* **COLLECTED MATERIAL**:
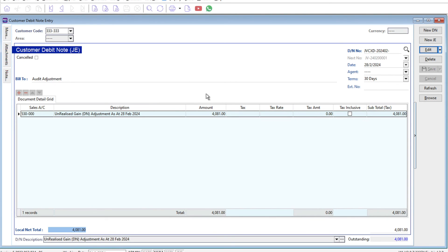This is how easy it is to manage unrealized gain and loss inside SQL accounting. If you have a topic you'd like us to cover, do leave in the comment below. Thanks.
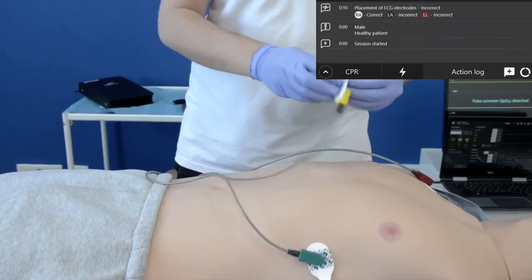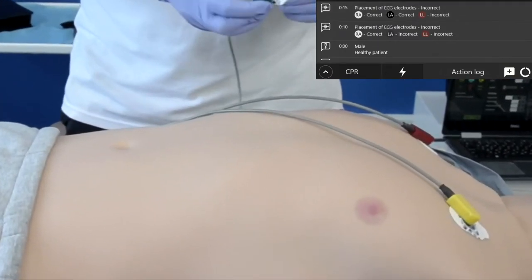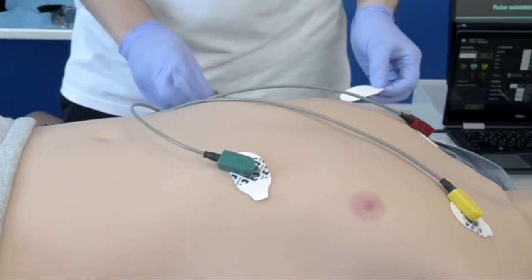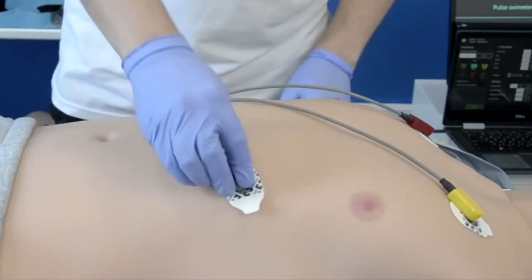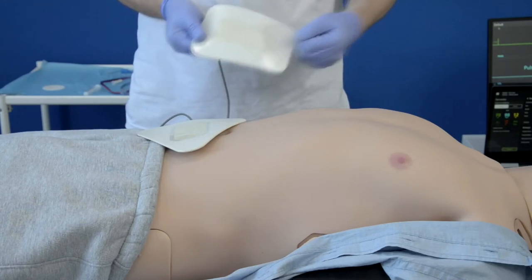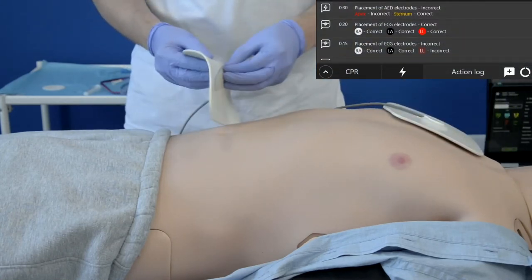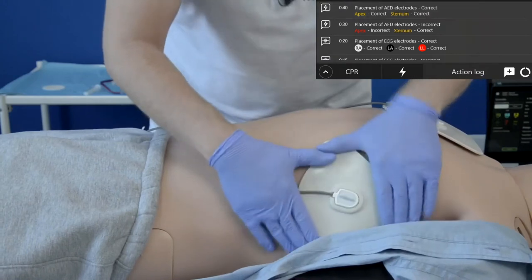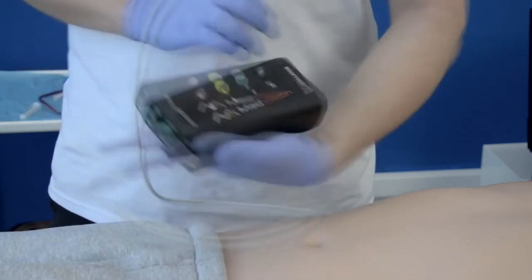You can use real ECG stickers with Leonardo — just stick them on the skin. We've even tested leaving stickers on for two weeks and they left no visible marks after removal. Under Leo's skin there are sensors for correct electrode placement, which will show in the action log. SpO2 monitoring is supported with a real pulse oximeter and there is a special port on our adapter for it.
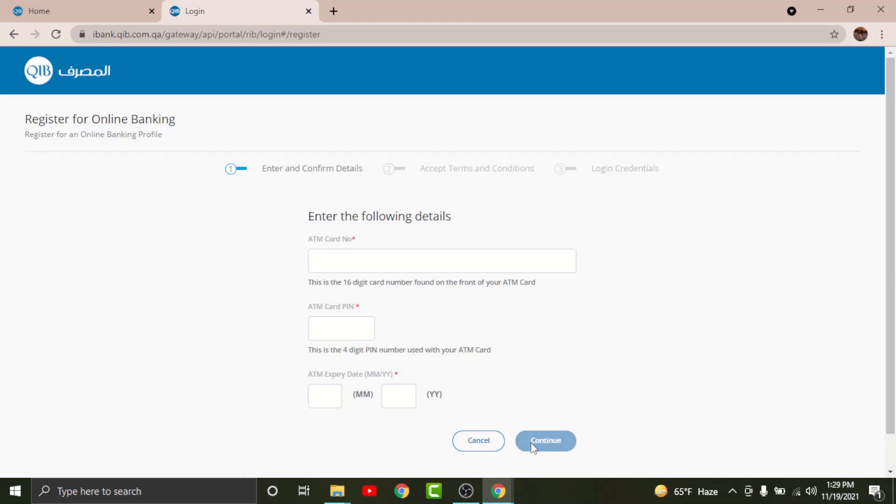Now you will land on the terms and conditions page set by QIB online banking. Go through the instructions and the terms and conditions, then tap on I Agree. Once done, tap Continue.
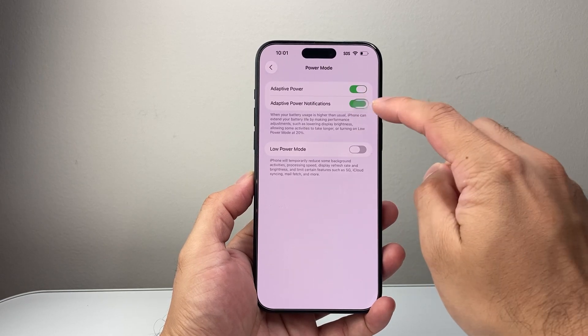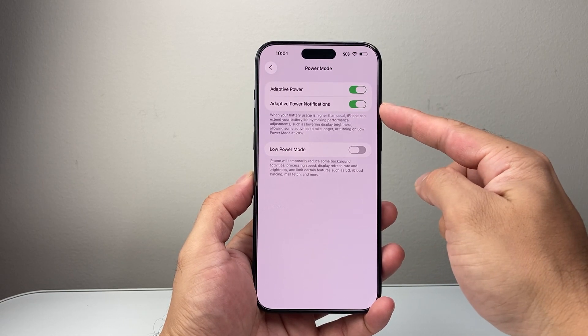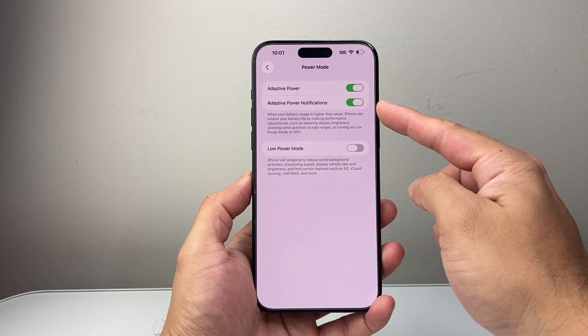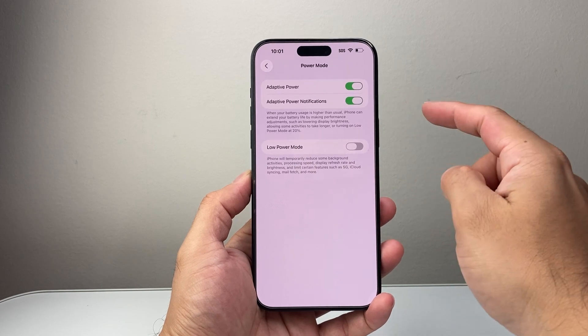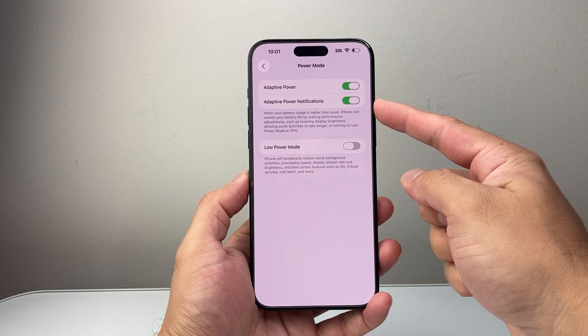And then you can also have this notification on, where it will tell you when it's on, if you would like to use it. If you don't, you don't have to.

* **EXERCISE**: Leaving aside the pictures, copy the listing above exactly.

* **ANSWER BOX**:
This is how easy it is to manage unrealized gain and loss inside SQL accounting. If you have a topic you'd like us to cover, do leave in the comment below. Thanks.
You can use real ECG stickers with Leonardo — just stick them on the skin. We've even tested leaving stickers on for two weeks and they left no visible marks after removal. Under Leo's skin there are sensors for correct electrode placement, which will show in the action log. SpO2 monitoring is supported with a real pulse oximeter and there is a special port on our adapter for it.
Now you will land on the terms and conditions page set by QIB online banking. Go through the instructions and the terms and conditions, then tap on I Agree. Once done, tap Continue.
And then you can also have this notification on, where it will tell you when it's on, if you would like to use it. If you don't, you don't have to.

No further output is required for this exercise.